13. Re: jordan basis problem

Originally Posted by Deveno
there are different ways of solving linear algebra problems. surely you know that by now.
ok coming beack to the originak question

we want to find P:
you said
"now A-I has nilpotency 3, right? so we can pick any vector in R^3 for an element in ker((A-I)^3).

it appears your text has chosen v1 = e1, and then chosen

v2= (A-I)v1, which is in ker((A-I)^2), but not in ker((A-I)^3), so... "

why we can pick any vector in R^3 for ker((A-I)^3)?

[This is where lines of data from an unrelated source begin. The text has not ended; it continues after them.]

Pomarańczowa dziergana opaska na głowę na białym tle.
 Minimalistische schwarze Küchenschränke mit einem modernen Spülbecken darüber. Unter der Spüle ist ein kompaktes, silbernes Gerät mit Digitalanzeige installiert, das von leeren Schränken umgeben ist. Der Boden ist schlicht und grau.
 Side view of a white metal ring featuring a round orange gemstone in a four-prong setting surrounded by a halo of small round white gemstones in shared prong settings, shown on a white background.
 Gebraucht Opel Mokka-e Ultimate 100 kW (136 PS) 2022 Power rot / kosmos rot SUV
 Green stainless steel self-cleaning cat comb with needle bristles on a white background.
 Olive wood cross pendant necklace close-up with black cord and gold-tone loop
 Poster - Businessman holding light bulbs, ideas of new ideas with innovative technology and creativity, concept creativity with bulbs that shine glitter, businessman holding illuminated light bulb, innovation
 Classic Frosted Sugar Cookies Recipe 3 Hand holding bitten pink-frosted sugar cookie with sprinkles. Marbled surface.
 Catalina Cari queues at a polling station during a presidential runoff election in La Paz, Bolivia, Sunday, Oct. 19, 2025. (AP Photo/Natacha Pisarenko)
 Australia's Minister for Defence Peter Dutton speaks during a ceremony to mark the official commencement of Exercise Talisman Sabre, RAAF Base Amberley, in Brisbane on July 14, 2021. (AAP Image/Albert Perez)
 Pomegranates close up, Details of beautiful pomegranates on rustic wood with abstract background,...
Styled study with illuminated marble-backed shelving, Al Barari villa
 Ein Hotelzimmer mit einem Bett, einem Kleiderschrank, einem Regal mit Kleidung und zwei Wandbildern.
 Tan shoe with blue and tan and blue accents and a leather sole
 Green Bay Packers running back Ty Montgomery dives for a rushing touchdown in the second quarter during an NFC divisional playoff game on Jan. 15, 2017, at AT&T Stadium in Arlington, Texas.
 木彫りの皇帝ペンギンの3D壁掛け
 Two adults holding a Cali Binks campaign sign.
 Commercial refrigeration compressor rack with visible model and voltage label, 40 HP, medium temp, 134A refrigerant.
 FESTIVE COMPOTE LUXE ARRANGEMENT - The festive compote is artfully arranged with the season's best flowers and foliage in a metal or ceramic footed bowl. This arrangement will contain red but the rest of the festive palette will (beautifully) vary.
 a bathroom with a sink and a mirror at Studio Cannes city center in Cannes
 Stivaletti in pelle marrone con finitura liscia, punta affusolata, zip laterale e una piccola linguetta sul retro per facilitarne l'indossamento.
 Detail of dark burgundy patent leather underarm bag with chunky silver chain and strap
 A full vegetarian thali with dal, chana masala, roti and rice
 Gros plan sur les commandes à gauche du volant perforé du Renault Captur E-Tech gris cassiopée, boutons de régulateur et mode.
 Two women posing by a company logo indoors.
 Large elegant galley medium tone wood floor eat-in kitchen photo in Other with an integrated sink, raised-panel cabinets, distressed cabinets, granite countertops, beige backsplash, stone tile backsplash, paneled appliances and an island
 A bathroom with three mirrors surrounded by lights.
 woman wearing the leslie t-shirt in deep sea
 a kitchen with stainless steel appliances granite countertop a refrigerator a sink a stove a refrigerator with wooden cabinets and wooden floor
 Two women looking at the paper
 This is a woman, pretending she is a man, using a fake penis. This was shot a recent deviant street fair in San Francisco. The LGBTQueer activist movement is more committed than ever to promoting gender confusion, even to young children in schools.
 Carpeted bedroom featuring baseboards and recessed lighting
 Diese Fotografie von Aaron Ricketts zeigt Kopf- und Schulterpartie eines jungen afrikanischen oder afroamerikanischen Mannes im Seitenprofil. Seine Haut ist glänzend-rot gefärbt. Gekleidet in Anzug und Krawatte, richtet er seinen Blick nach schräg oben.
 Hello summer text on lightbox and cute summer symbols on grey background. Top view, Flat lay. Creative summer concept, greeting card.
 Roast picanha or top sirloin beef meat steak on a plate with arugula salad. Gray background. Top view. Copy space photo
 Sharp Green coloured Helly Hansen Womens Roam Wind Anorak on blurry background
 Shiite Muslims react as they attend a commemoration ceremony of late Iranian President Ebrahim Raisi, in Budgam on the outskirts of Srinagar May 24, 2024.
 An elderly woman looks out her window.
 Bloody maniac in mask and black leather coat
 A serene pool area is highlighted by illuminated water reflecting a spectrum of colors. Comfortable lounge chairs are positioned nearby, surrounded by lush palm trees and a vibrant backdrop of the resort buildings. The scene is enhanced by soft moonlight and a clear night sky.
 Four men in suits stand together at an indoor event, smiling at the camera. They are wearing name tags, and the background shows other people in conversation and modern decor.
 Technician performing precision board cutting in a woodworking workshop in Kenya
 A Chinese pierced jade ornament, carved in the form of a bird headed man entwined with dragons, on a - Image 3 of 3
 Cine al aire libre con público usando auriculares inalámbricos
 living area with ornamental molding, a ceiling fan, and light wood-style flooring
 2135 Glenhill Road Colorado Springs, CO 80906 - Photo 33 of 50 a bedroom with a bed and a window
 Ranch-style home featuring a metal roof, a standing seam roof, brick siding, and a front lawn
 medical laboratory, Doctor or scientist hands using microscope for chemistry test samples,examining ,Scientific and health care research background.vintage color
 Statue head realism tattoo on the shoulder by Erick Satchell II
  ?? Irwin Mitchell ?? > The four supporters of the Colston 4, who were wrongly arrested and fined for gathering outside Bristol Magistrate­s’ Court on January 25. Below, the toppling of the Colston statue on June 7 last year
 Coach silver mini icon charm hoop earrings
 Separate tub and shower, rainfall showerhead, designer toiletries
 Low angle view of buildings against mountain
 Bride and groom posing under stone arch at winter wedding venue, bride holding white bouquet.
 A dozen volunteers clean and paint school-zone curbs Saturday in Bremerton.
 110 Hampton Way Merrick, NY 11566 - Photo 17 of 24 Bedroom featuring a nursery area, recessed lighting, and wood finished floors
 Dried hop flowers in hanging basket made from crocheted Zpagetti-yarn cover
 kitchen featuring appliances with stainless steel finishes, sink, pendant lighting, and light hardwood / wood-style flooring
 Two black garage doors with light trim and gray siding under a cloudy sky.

14. Re: jordan basis problem

Originally Posted by transgalactic
number of jordan blocks=3-the rank of A
No, the number of Jordan blocks associated to an eigenvalue $\lambda$ of $A\in\mathbb{K}^{n\times n}$ is $n-\textrm{rank}(A-\lambda I)$ . In our case $3-\textrm{rank}(A- I)=3-2=1$ .

15. Re: jordan basis problem

so from the jourdan form
if our basis B={v1,v2,v3}
Tv1=1v1+0v2+0v3
Tv2=1v1+1v2+0v3
Tv3=0v1+1v2+1v3

Tv1=Av1

but in the solution they take A-I insteat of A

and they choose e1 e2 e3 in the standart basis

why?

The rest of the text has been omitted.